Wednesday, June 27, 2012

Belanja Oleh-oleh Khas Papua, dari Batik Sampai Koteka





Berkunjung ke Papua tak lengkap tanpa membawa buah tangan. Pulau Cendrawasih ini punya beragam suguhan untuk Anda bawa serta dalam koper sebelum pulang. Kota terlengkap untuk mencarinya, tentu saja Jayapura!

Apa yang biasa Anda jadikan buah tangan untuk orang-orang tersayang? Pajangan? Benda khas? Panganan? Kaos bertuliskan daerah yang dituju? Atau mungkin kain batik yang punya corak berbeda di tiap daerah?

Aneka koteka dan nokem yang dijual di jejeran toko Jalan Ahmadi (Sastri/ detikTravel)


Beragam warna dan motif batik yang dijual di Toko Ilham (Sastri/ detikTravel)


Suasana di dalam Toko Ilham (Sastri/ detikTravel)



Cokelat khas Papua yang dicampur rempah-rempah (Sastri/ detikTravel)


Seorang anak laki-laki sedang membuat patung kayu khas Papua (Sastri/ detikTravel)

Papua punya semuanya, dan Jayapura adalah kota yang tepat untuk mencari oleh-oleh khas Pulau Cendrawasih ini. Selama kurang lebih tiga hari saya dan rombongan wartawan lain berkeliling Kota Jayapura untuk mencari oleh-oleh khas Papua, mulai dari batik sampai koteka.

Itu saja? Tentu saja tidak. Ada pula pajangan, lukisan kulit kayu, cokelat, sampai ramuan buah merah yang tersohor khasiatnya itu. Kebetulan, mulai Selasa (19/6/2012) lalu berlangsung Festival Danau Sentani (FDS) 2012 di Kawasan Wisata Kalkhote, Kabupaten Jayapura. Ada banyak lapak yang menjual beragam kerajinan khas Papua.

Dari Kalkhote, menyeberanglah ke Pulau Asey. Di sini terdapat kerajinan lukisan kulit kayu dengan motif khas Papua. Anda bisa membelinya mulai Rp 5.000-300.000, tergantung besar lukisannya. Tenang saja, lukisan ini bisa digulung dengan mudah sehingga tak menyulitkan saat dibawa pulang.
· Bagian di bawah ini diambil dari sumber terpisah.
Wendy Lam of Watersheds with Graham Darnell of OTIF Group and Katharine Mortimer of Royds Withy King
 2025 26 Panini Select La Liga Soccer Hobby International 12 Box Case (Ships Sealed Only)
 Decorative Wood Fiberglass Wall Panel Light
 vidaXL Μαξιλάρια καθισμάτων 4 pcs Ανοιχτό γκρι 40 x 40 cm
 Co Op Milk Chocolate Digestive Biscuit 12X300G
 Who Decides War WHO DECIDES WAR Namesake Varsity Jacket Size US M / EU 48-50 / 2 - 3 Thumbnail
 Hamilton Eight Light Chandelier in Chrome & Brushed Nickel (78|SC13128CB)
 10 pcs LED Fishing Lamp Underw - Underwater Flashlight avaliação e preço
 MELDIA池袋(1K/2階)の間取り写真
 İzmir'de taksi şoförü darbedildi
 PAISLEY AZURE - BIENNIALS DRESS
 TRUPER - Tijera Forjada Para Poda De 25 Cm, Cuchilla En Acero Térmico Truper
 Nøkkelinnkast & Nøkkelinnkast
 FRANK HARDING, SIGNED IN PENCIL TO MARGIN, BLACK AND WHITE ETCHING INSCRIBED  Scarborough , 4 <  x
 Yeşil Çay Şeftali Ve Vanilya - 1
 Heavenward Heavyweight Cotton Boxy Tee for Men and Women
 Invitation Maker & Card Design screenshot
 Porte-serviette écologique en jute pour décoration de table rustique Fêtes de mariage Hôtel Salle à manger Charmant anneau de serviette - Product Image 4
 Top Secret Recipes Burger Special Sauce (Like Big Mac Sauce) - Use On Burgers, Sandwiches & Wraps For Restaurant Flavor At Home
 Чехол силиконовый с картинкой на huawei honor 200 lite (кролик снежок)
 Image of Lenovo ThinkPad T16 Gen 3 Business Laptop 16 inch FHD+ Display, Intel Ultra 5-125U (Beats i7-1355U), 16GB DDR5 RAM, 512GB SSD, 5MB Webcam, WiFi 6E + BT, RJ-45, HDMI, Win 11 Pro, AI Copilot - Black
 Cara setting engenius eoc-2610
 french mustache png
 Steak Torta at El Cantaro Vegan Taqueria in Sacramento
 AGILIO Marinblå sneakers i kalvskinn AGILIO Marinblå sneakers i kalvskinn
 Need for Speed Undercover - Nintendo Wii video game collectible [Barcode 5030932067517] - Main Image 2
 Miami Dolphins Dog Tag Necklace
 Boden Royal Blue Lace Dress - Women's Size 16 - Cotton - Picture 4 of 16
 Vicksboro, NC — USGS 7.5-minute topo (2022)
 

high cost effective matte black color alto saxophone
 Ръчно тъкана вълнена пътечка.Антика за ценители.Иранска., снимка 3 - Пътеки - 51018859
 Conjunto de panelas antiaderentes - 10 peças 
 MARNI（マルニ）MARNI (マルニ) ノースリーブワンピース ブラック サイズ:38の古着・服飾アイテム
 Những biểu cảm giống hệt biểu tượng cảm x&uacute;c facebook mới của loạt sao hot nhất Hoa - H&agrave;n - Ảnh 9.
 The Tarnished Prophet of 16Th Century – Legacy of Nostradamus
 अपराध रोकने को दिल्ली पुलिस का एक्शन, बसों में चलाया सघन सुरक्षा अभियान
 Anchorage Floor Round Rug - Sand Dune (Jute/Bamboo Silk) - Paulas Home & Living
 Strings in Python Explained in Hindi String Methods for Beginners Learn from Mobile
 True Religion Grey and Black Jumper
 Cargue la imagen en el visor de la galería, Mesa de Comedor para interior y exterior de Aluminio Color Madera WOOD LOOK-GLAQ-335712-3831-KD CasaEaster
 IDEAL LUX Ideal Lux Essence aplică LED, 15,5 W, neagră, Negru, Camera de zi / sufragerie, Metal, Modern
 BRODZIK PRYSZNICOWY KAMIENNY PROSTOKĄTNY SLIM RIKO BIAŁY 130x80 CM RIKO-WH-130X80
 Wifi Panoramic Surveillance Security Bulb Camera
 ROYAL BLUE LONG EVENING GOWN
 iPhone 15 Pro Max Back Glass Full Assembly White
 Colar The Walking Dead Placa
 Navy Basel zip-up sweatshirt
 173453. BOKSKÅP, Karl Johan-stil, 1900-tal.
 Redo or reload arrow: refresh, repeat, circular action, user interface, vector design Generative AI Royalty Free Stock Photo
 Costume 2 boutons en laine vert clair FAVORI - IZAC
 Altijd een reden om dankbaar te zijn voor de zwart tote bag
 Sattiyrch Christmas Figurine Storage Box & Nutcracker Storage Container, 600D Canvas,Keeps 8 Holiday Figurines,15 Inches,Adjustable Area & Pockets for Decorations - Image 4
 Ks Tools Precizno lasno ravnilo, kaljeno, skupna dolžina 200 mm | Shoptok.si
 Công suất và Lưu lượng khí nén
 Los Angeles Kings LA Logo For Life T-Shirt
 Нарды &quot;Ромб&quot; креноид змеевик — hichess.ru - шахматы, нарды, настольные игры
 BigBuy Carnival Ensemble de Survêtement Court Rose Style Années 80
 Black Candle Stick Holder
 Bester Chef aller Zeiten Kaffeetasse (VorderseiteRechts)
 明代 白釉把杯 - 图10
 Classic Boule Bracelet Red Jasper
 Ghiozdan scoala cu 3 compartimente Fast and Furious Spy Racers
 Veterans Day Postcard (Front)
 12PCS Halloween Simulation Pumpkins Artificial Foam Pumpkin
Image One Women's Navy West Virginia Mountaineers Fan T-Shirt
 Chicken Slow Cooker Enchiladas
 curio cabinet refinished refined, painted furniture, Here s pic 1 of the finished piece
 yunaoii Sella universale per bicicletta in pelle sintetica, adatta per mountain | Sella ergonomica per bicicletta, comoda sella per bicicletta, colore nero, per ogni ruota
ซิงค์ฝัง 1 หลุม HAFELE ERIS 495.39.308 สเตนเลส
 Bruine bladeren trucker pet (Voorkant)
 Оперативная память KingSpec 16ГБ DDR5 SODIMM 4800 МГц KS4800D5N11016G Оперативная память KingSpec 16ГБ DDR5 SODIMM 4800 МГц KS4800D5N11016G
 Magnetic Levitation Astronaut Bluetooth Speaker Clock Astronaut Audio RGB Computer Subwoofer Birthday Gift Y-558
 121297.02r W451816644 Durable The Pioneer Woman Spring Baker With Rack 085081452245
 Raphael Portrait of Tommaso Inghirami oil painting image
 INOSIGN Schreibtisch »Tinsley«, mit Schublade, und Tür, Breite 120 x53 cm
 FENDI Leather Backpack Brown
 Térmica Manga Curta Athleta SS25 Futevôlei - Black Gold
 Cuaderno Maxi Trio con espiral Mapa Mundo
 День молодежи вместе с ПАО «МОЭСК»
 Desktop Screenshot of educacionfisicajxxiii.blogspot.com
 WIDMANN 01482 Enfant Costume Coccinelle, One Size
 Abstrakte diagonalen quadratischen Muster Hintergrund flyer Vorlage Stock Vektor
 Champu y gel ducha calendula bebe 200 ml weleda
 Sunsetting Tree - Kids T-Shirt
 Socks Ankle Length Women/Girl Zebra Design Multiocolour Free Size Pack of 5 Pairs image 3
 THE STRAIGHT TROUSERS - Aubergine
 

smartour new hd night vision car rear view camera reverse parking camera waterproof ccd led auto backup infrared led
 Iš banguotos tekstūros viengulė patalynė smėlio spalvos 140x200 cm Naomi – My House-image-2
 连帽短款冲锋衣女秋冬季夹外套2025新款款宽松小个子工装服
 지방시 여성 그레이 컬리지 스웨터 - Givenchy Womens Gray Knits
Sebelum beranjak ke Kota Jayapura, tentukan dulu pilihan Anda. Kalau ingin membeli batik khas Papua, melajulah ke Toko Ilham atau Aneka Batik yang terletak di pusat kota. Batik Papua punya beberapa ciri khas, seperti warna yang cerah serta motif Tifa dan burung Cendrawasih. Harganya mulai Rp 25.000-75.000 per meter. Kedua tempat ini juga menjual kaos-kaos bertuliskan Papua.

Pernah dengar cokelat Papua? Ini bukan cokelat biasa. Biji kakao yang ditanam di dataran tinggi Papua diproses dan dicampur rempah-rempah, juga sari buah merah yang berkhasiat. Tempat membelinya yaitu di Jl Raya Sentani, sebuah toko dengan papan besar bertuliskan "Coklat dan Buah Merah".

Harga cokelat tergantung ukuran. Cokelat 100 gram seharga Rp 15.000 hingga 700 gram seharga Rp 40.000. Di toko ini Anda juga bisa membeli sari buah merah dan sarang semut. Keduanya dikenal sebagai ramuan tradisional khas Papua.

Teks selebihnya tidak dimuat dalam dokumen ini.